Overestimating Your Current Home's Value
Many people overestimate how much their current home is actually worth because of what friends and neighbors say they received for the sale their homes. To get a realistic sense of your home's value, visit websites like Zillow.com and Realtor.com to learn the prices of recently sold properties in your area. Online "estimators" from banks like JP Morgan Chase and Bank of America will also provide useful information. Bear in mind that prices and estimates shown on these and other sites may not take into account the specific features sought by prospective buyers. Consulting local real estate agents or independent appraisers can address this problem. You should also ask these real estate professionals about inexpensive spruce-ups that will increase your home's curb appeal and value. Most experts agree that the cost of major renovations will not be recouped unless your home is in extremely poor condition.
Underestimating the Cost of Your New Home
You can use the online tools and real estate professionals mentioned above to get a sense of what you'll have to pay for the type of home you want to buy.

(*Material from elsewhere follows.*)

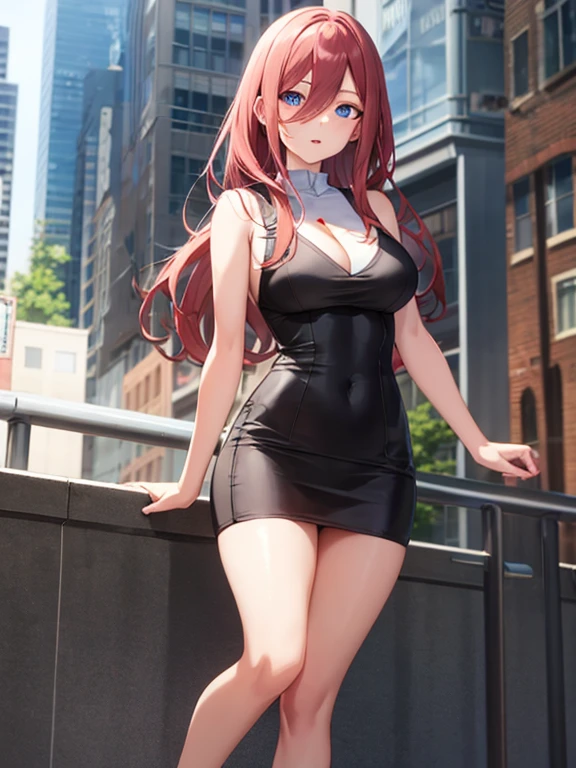 -Miku-season2,long hair,anime coloring,anime screen capture, sleeveless sweater, cleavage, micro skirt,whole body,beautiful toned legs,large breasts,downtown,masterpiece,best quality,super fine illustration,shiny skin,detailed skin,detailed face,detailed eyes,an extremely cute and beautiful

If you plan to move to a new area, such as a place you've always enjoyed visiting, it's important to spend a significant amount of time there. This will give you a feel for what it's like to actually live in the area. Renting a property for a year or so before buying may be the wisest approach.
Ignoring the Tax Implications of Your Move
Most couples are currently able to exclude up to $500,000 in gains from the sale of their home, while singles can typically exclude up to $250,000. Your tax bracket and the length of time you've lived in your current home could impact whether taxes will be due upon its sale. You can find detailed information about this issue in IRS Publication 523.
You should also consider factors beyond income taxes on your home's sale, particularly if you are moving to a different state. Lower property taxes in your desired destination could be offset by higher sales and income taxes. Similarly, pensions and withdrawals from retirement accounts could be taxed at a higher rate than where you live now. A particular state's revenue or tax department website is a good source for this important information.
Ignoring Closing Costs
If you haven't bought or sold a home in quite a while, you may have forgotten about all of the closing costs involved. Title insurance, recording fees, legal fees… the list of miscellaneous charges can seem endless. In addition, if you use a real estate agent, commissions can be as high as 6% according to Realtor.com. In addition, don't forget about the cost of moving your belongings to your new home.
The bottom line is this: Do your research and run the numbers carefully before downsizing. You may find ways to save a significant amount of money on your move, or perhaps you'll realize that you should stay where you are for now.